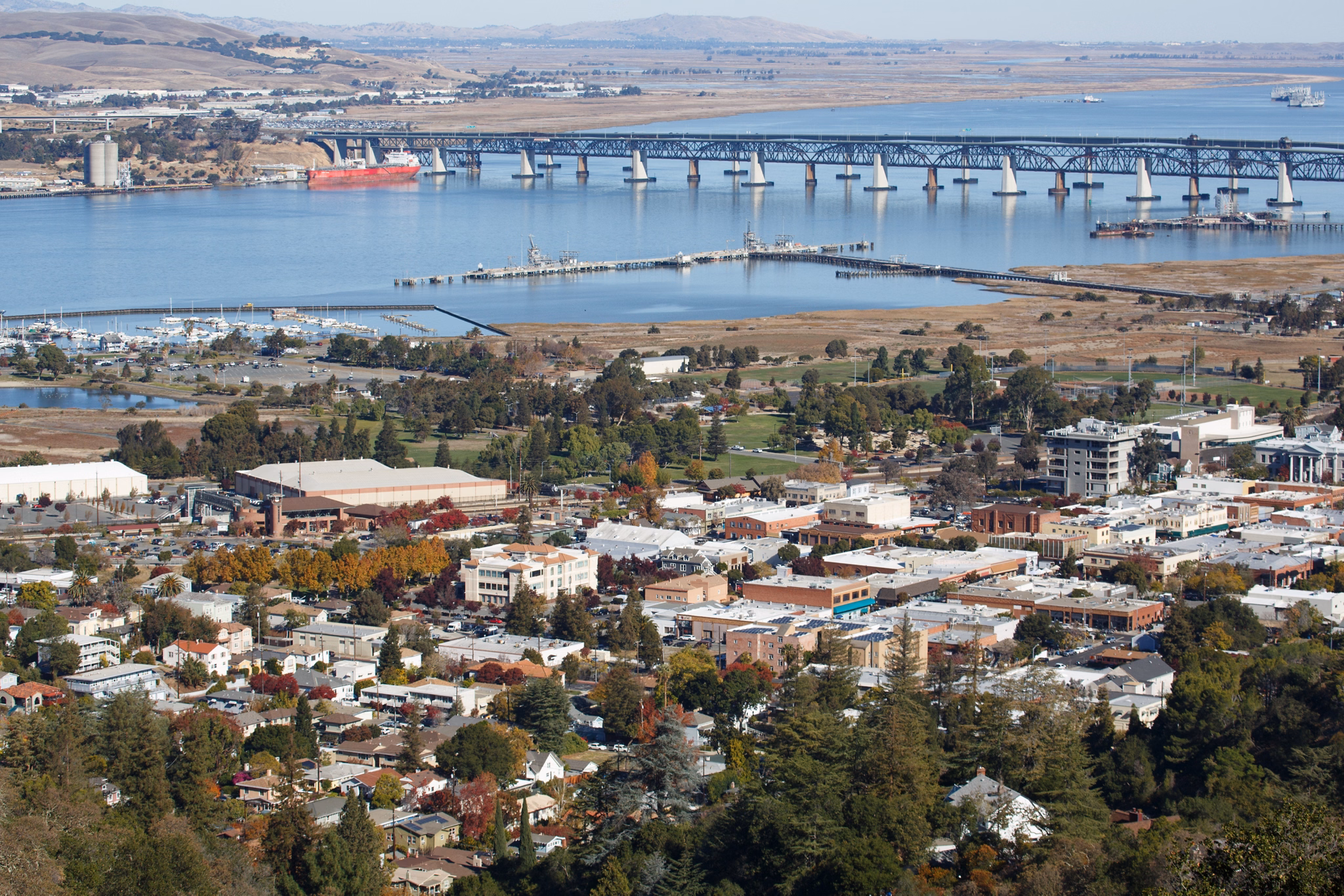 A scenic view of Martinez, California, showing a waterfront town with a large bridge, marina, and surrounding trees and buildings.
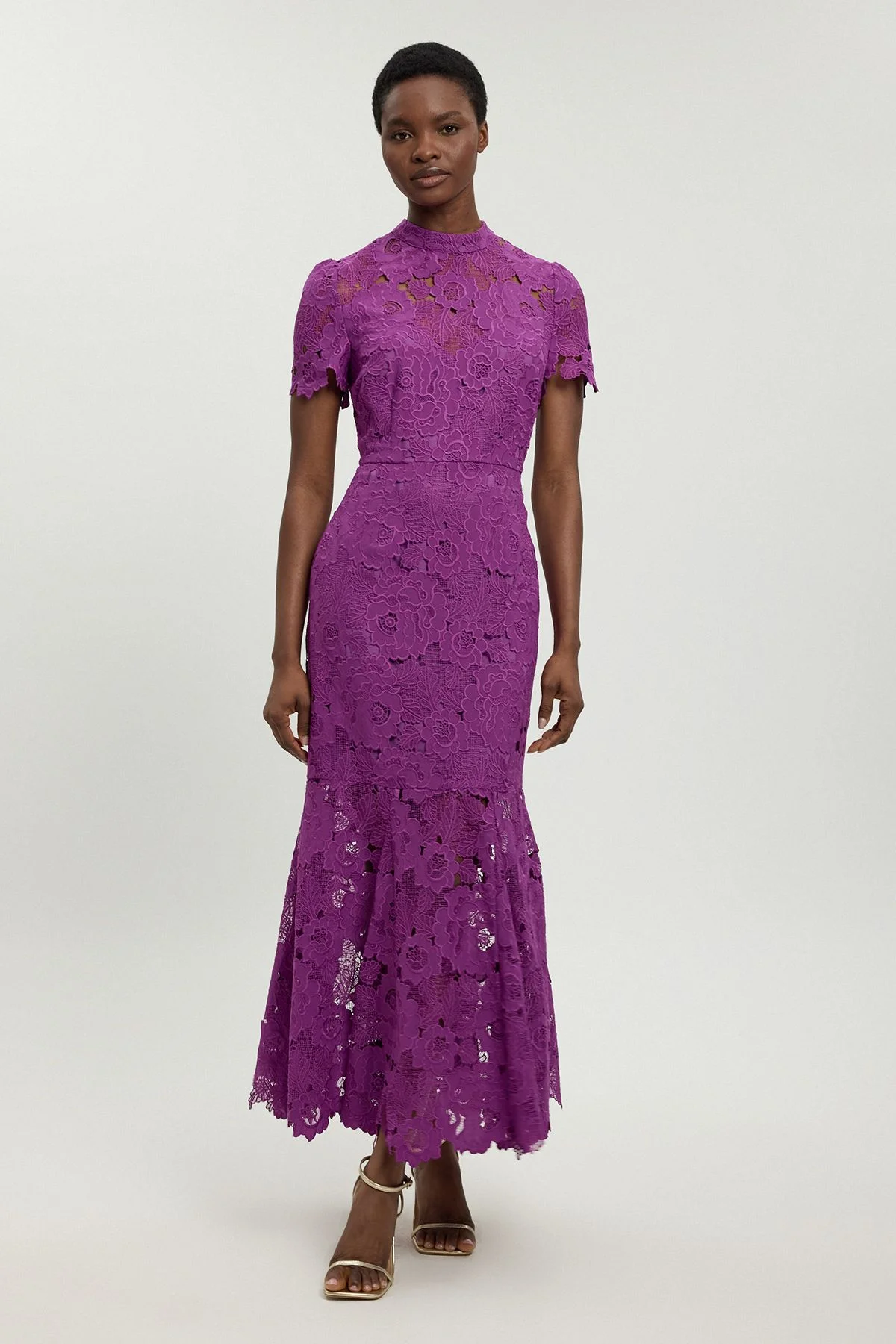 Guipure Lace High Neck Woven Midi Dress - 1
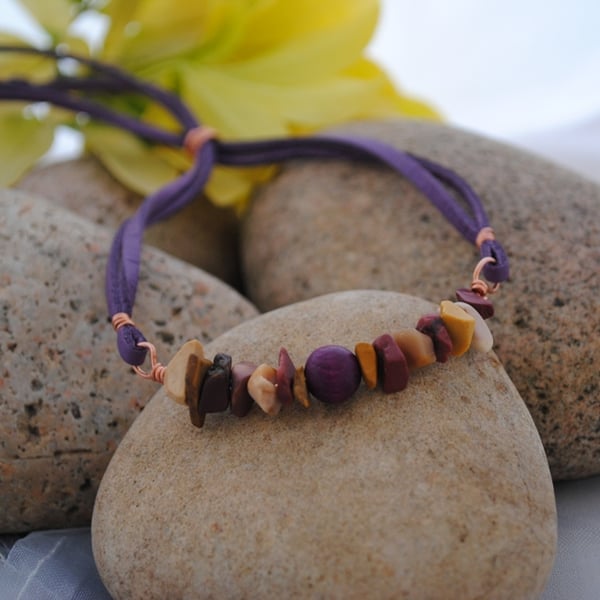 Mookaite & Purple friendship bracelet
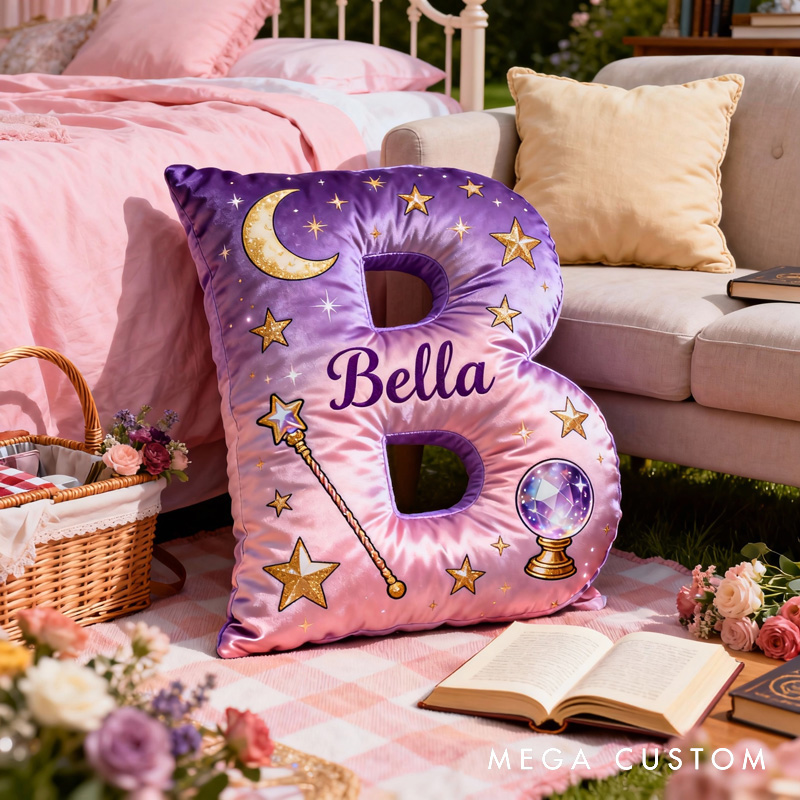 Personalized Cartoon Magic Letter Pillow with Name Soft Stuffed Toy for Kids Unique Decorative Cushion for Girls' Room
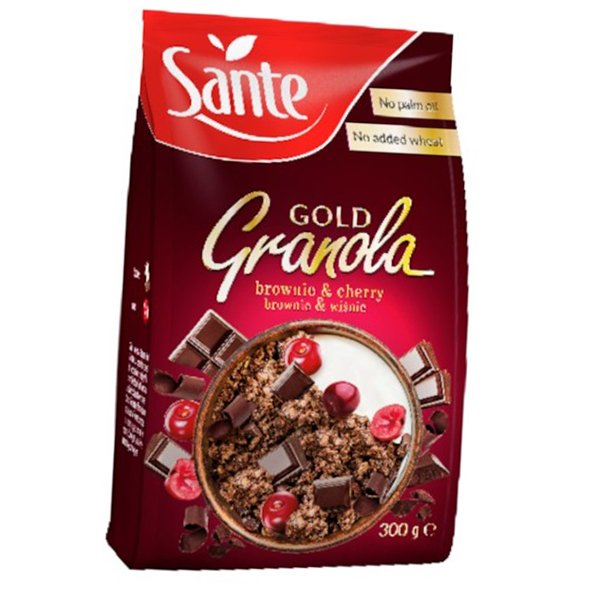 Заменитель питания Гранола, Granola Gold, Sante 300г Брауни-вишня 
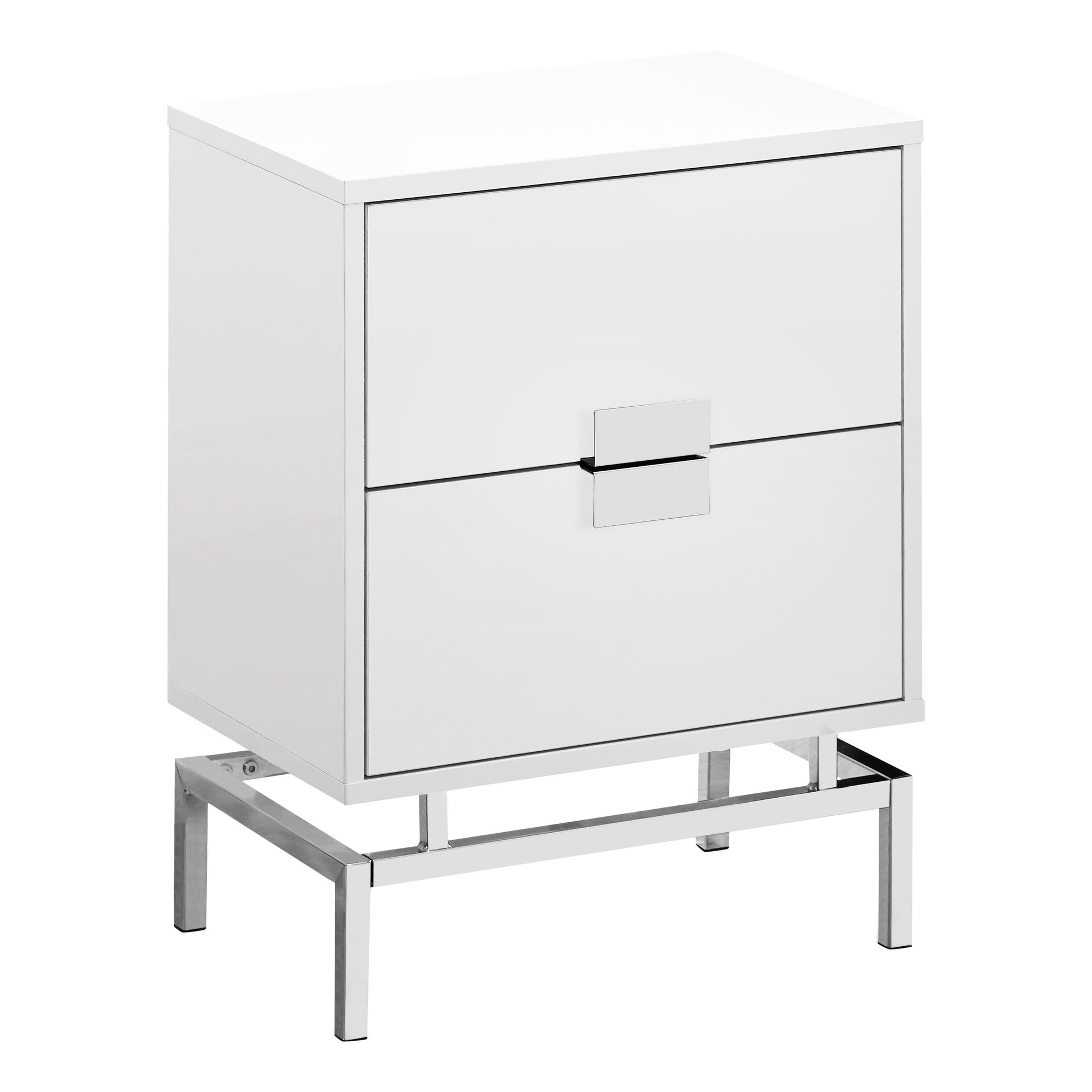 Modern Particle Board and Chrome Accent Table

▸ **WORK ITEM**:
Copy every line of the data exactly as written, excluding the pictures.

▸ **EXERCISE SOLUTION**:
 A scenic view of Martinez, California, showing a waterfront town with a large bridge, marina, and surrounding trees and buildings.
 Guipure Lace High Neck Woven Midi Dress - 1
 Mookaite & Purple friendship bracelet
 Personalized Cartoon Magic Letter Pillow with Name Soft Stuffed Toy for Kids Unique Decorative Cushion for Girls' Room
 Заменитель питания Гранола, Granola Gold, Sante 300г Брауни-вишня 
 Modern Particle Board and Chrome Accent Table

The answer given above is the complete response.